Jordan Hasay's 2-Mile Record Attempt

April 7, 2007 Arcadia CA

Dave Devine

See How She Runs

Forget about the splits for a moment.

Forget about the men on their hands and knees with the tape measure and the roll of athletic tape, turning this 400 meter track into a 440-yard throwback. Forget about the additional photo-timer they’ve installed—just for her—to capture her as she crosses the 3200 mark. Forget about the message board mavens and the internet pundits and the armchair quarterbacks, with their opinions and their criticism and their second-guessing. Forget what they’ve written about Mombassa and Foot Locker and body-types and coaching and age-group stars who never pan out.

Forget about everything swirling around this girl, the crowds and the reporters and the expectations, and look at the girl.

Look at her run.

She’s three laps into this two-mile race, flitting in and out of the backstretch shadows like some illusory wraith in racing spikes. Putting distance, with every efficient stride, between herself and a field consisting of some of the best girls in the country. Already 40 yards up on her nearest competitor, who happens to be the defending California state mile champion.

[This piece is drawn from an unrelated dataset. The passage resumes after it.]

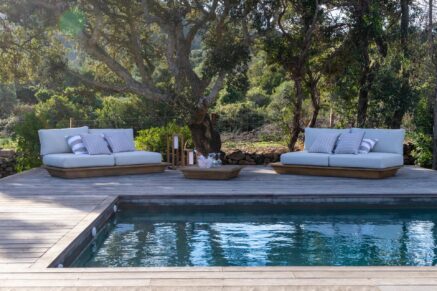 Pianottoli-Caldarello, 4 bedroom villa, pool, mountain views, close to the beach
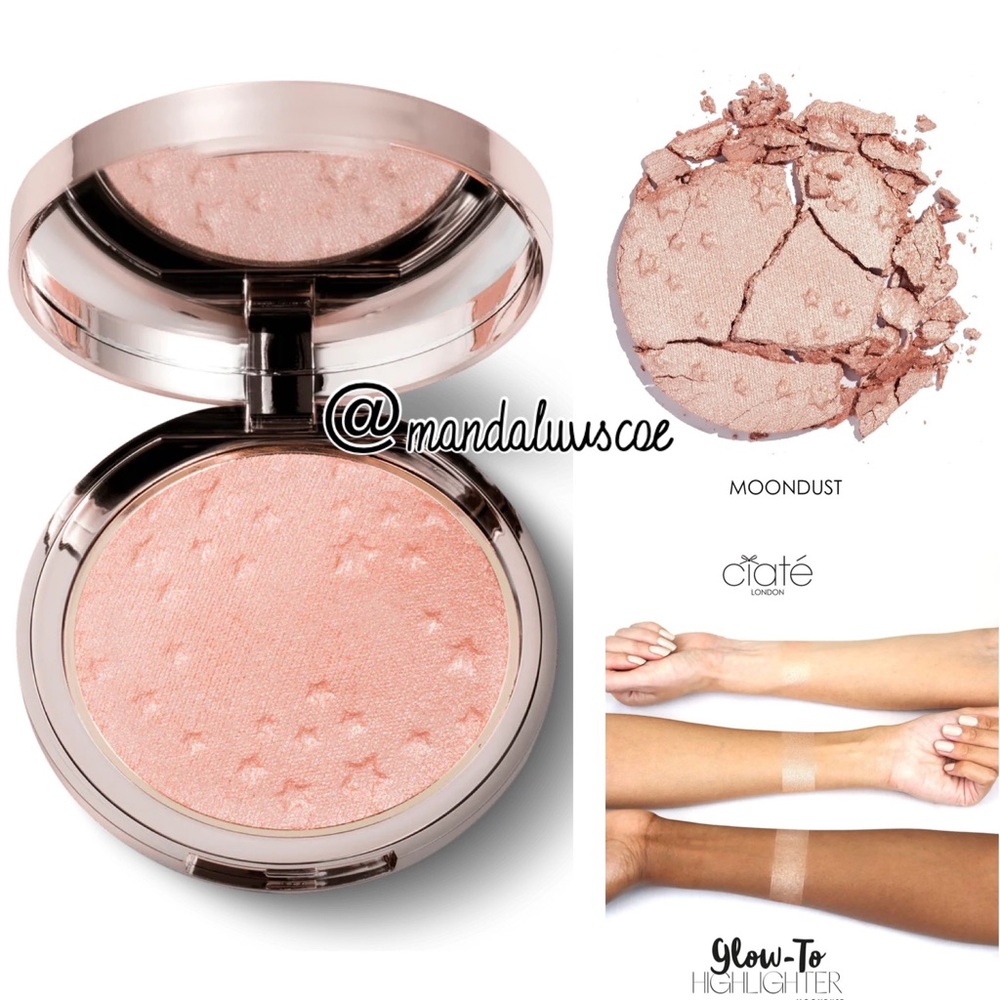 💗CIATÉ LONDON Glow To Highlighter in Moondust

Watch her round the curve with that sweeping stride, her heels nearly grazing the flickering strands of her long, gossamer ponytail. Watch her angle onto the straightaway and hammer down the homestretch, a compelling blend of coltish exuberance and dogged determination.

Notice how she unfurls this talent without visible malice, her fierce competitiveness sheathed in a cherubic poker face. How the only indication of the pain she’s enduring—and thus inflicting—is a tongue clenched between her teeth and a barely-knitted brow. The rest of the damage is done with her feet.

Talk to her after the race, and she’s 15. A sun-kissed California teenager with a shy smile, braces and a reedy voice that rises at the end of sentences, turning thoughts that were meant to be statements into something more like questions. Which is to say, she’s normal. She’s composed and polite and fifteen.

But there’s nothing normal about the way she runs.

* * *

Look at her on the starting line. Toeing an improvised arc created with athletic tape, so that this race can be run as a national high school two-mile record attempt, instead of a standard 3200. She’s the one against the rail, shaking out her legs and waiting for the gun. If you scrambled the 21 girls on the line and reassembled them according to height order, with the shortest on the inside, she’d still occupy the same position. Slot one, like it says on her hip number. Right on the rail.

But watch her get out. Watch her elbow through the collapsing pack and weave her way up to the one position she’ll hold for the next eight laps. The front.

Watch her click off those laps with metronomic precision, gamely pursuing something far more ephemeral than gold medals or running rivals—the elusive second. She’s chasing after time. Watch how she doesn’t panic when she hears a 70 for the first lap, knowing she’s gone out too fast, but instead settles in and gets down to work. Notice how she keeps her composure late in the race, when she and everyone else in the stadium can sense that the attempt is slipping away. When it becomes apparent that the attention and the athletic tape and the photo-timer may have all been for naught. When the meet announcer says that she’s 220 yards out, with nine minutes and thirty seconds showing on the clock.

It’s asking too much that she close in thirty seconds, but watch her try. Notice how there’s no let up, no throwing in the towel or stepping off the track. There is only the consistent, brutal efficiency of that sweeping stride.

* * *

Look at what she’s done to this crowd. Not just the track geeks and the track parents and the old-timers and the stat guys, but the average fans. The people who hear Girls Two-mile and think, Time for a hotdog. The kids who are here to see their buddies tear it up in the 4x1. The girlfriends huddled under varsity jackets. The pole vaulters, waiting for the van keys so they can go crash in the backseat. They’re all on their feet.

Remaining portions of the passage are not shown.